Ah, I see. Thanks for taking the time to discuss this-- you've raised some helpful points about how my argument will need to be strengthened ("universal action" is good food for thought) and clarified (clearly, my account of wireheading is unconvincing).
The paper's been accepted, and I have a ton of editing to do (need to cut four pages!), so I may not be very quick to respond for the time being. I didn't want to disappear without warning, and without saying thanks for your time!
OK. I am skepical that the wirehead problem can be solved simply by invoking expected utillity maximisation. IMO, there are at least two problems that go beyond that:
How do you tell the system to maximise (say) temperature - and not some kind of proxy or perception of temperature?
How do you construct a practical inductive inference engine without using reinforcement learning?
FWIW, my current position is that this probably isn't our problem. The wirehead problem doesn't become serious until relatively late on - leaving plenty of scope for transforming the world into a smarter place in the mean time.
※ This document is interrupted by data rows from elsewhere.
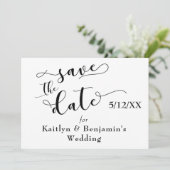 「Save the Date」ブラックタイポグラフィ 裏面に「love」入り セーブザデート (スタンド正面)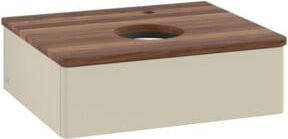 V&B Waschtischunterschrank Antao mit Beleuchtung, Farbe Walnuss und Weiß, B/T/H: 60 x 50 x 19 cm - Bild 1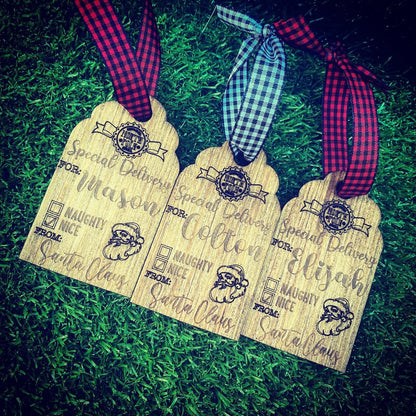 Wood engraved holiday Santa gift tags *free shipping*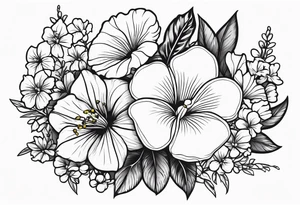 a vertical flower bouquet including sweet pea, larkspur, morning glory and cosmos tattoo idea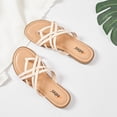 thumbnail image 4 of Ataiwee Women's Flat Slide Sandals - Casual Multiple Straps Thong Slip on Flat Summer Shoes., 4 of 8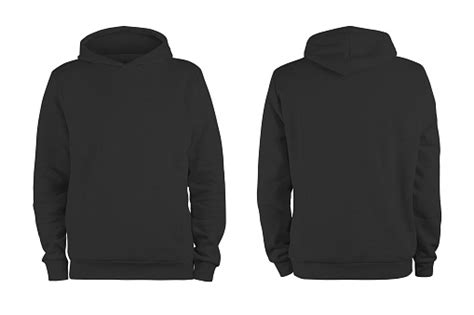 Mens Black Blank Hoodie Templatefrom Two Sides Natural Shape On Invisible Mannequin For Your ...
Daniel Dewey, 'Learning What to Value'
Abstract: I.J. Good's theory of an "intelligence explosion" predicts that ultraintelligent agents will undergo a process of repeated self-improvement. In the wake of such an event, how well our values are fulfilled will depend on whether these ultraintelligent agents continue to act desirably and as intended. We examine several design approaches, based on AIXI, that could be used to create ultraintelligent agents. In each case, we analyze the design conditions required for a successful, well-behaved ultraintelligent agent to be created. Our main contribution is an examination of value-learners, agents that learn a utility function from experience. We conclude that the design conditions on value-learners are in some ways less demanding than those on other design approaches.